RSF Foundation

Association of Agrarian Cooperatives of Cuzco (COCLA)

Improving Lives Through Fair Trade Coffee

Fair Trade coffee helps provide a just and equitable trade environment between growers and consumers. growers like Rogelia Figueroa Gabera, one of 8,500 members of the Association of Agrarian Cooperatives of Cuzco (COCLA) in Peru, Fair Trade coffee not only helps her family improve their quality of life, it also provides an incentive to improve the quality of the coffee they grow.

“We all want to improve the quality of our coffee, which we never used to do because we lacked the economic means or coffee prices were low or because we did not have a good market for our coffee. Now we have buyers who will give us a better price, and now we have an incentive to keep improving the quality of our coffee,” she said.

Up to 90% of COCLA’s export volume is certified organic, sustainable, or Fair Trade. A challenge came with rising coffee prices; COCLA needed greater access to credit in order to purchase coffee from cooperative members like Gabera who benefit from their involvement in the Fair Trade coffee industry.
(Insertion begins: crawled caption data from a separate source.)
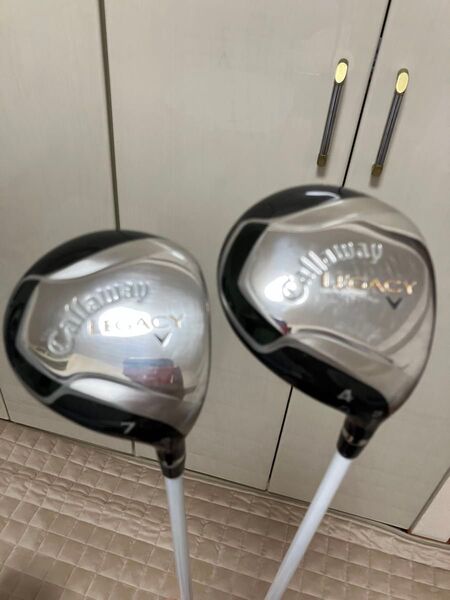 キャロウェイ レガシーFW 4W +7Wセット ns proレジオFWシャフト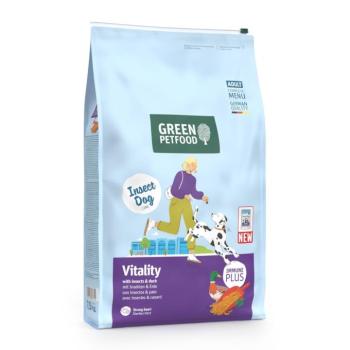 7,5kg Green Petfood Dog Vitality rovarok & kacsa száraz kutyatáp kép
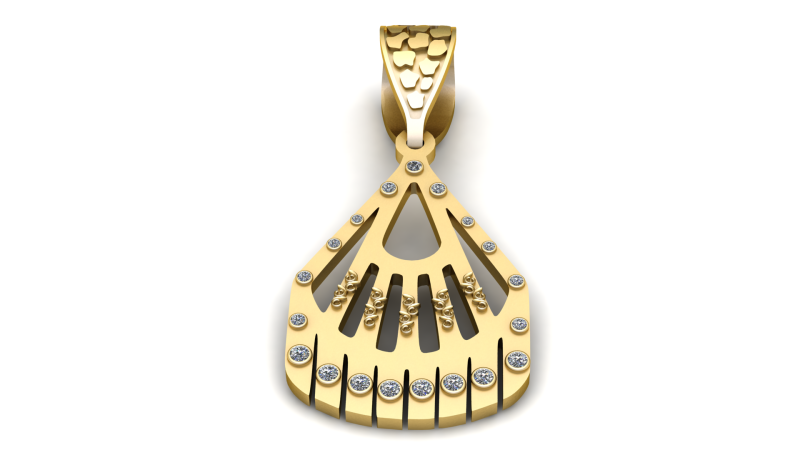 HOT AIR BALLOON STYLE PENDANT 3D PRINTABLE MODEL 3D Модель .c4d .max .obj .3ds .fbx .stl .blend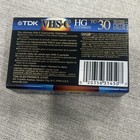 Tdk Vhs-c Hg Ultimate 30 Camcorder Cassette Blank Recording Tape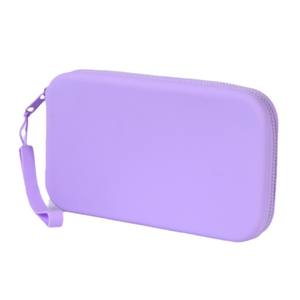 Porte-monnaie à fermeture éclair en silicone grande capacité |   Logo personnalisable et sangle détachable pour le rangement quotidien - Product Image 5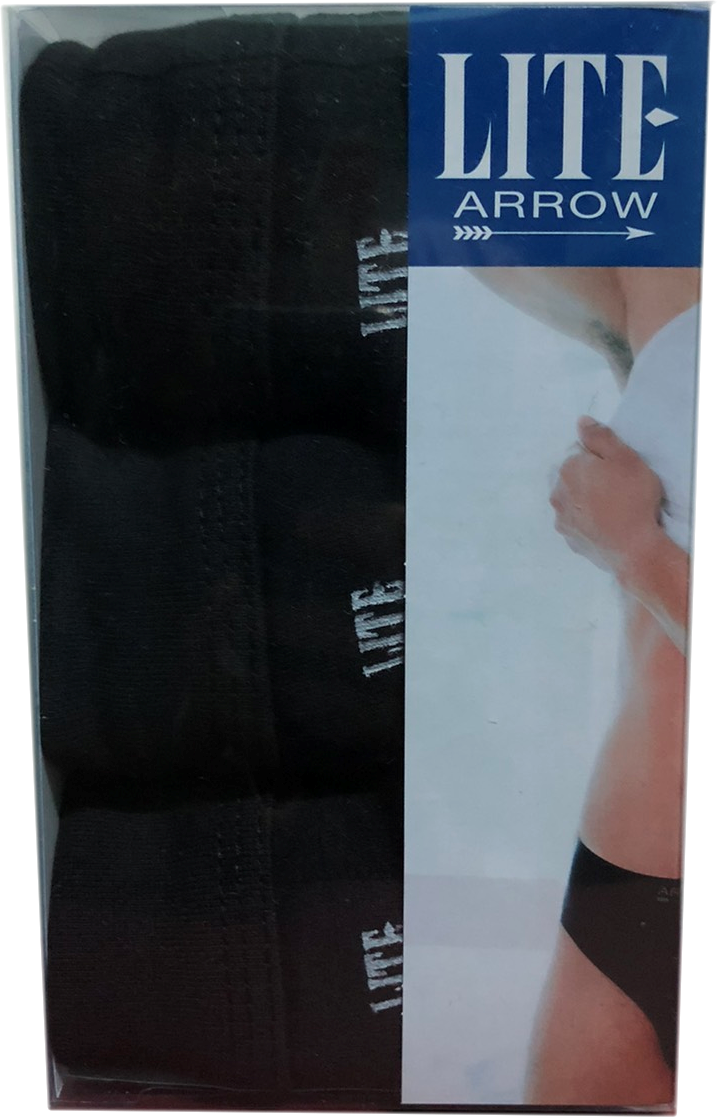 กางเกงใน ชาย ARROW LITE ทรง HALF ขอบ SPENDEX สีผสม ขาว ดำ เทา (3 ชิ้น) Size M L XL แอร์โรว แอโรว กางเกงใน กางเกงในชาย 4 สีให้เลือก ขาว ดำ กรม เทา ใส่สบาย เย็น นุ่ม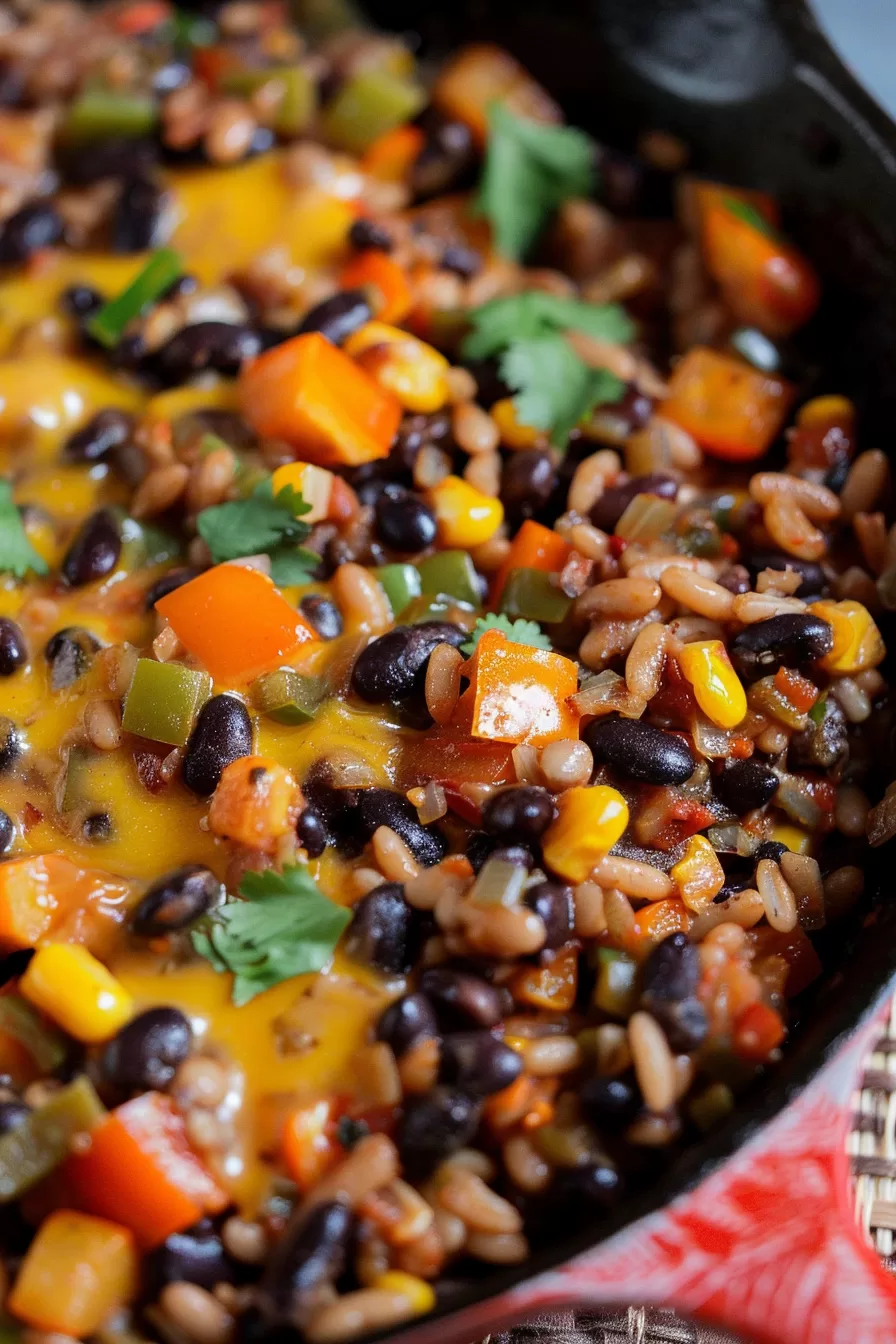 Hearty Black Bean Skillet with Southwest Flavors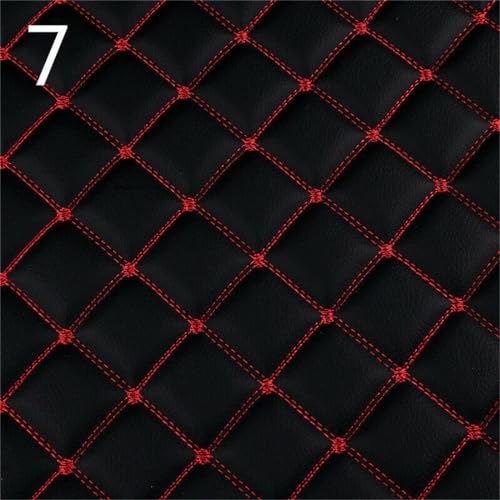 HIQIU Kunstleder Gesteppt Kaschiert Leder Polsterstoff Kunstleder PVC Gestepptes Kaschiert Dekostoff For Auto Innenraum DIY Dekor 1.55 * 1M (Black 2) von HIQIU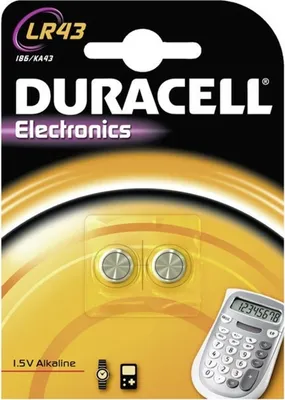 Produktbild von Duracell LR43 Alkaline Knopfzellen 1.5V - 2er Blister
RSF came together with EcoLogic and Calvert Foundation to provide the additional financing needed to help ensure this socially-beneficial trade partnership.

The loan helped COCLA purchase coffee beans from its members in order to sell to buyers. The line of credit also helps COCLA access Fair Trade markets which allows them to provide an extensive array of services to its members including: an agricultural diversification project; workshops and seminars to address such topics as pest control, organic certification, ecology and conservation; and a microcredit program specifically earmarked for lending to women.

“The loan we made to COCLA is symbolic of what we like to see happening in the Fair Trade coffee industry;social finance lenders coming together to meet the credit needs of coffee producers,” says Esther Park, senior lending manager at RSF.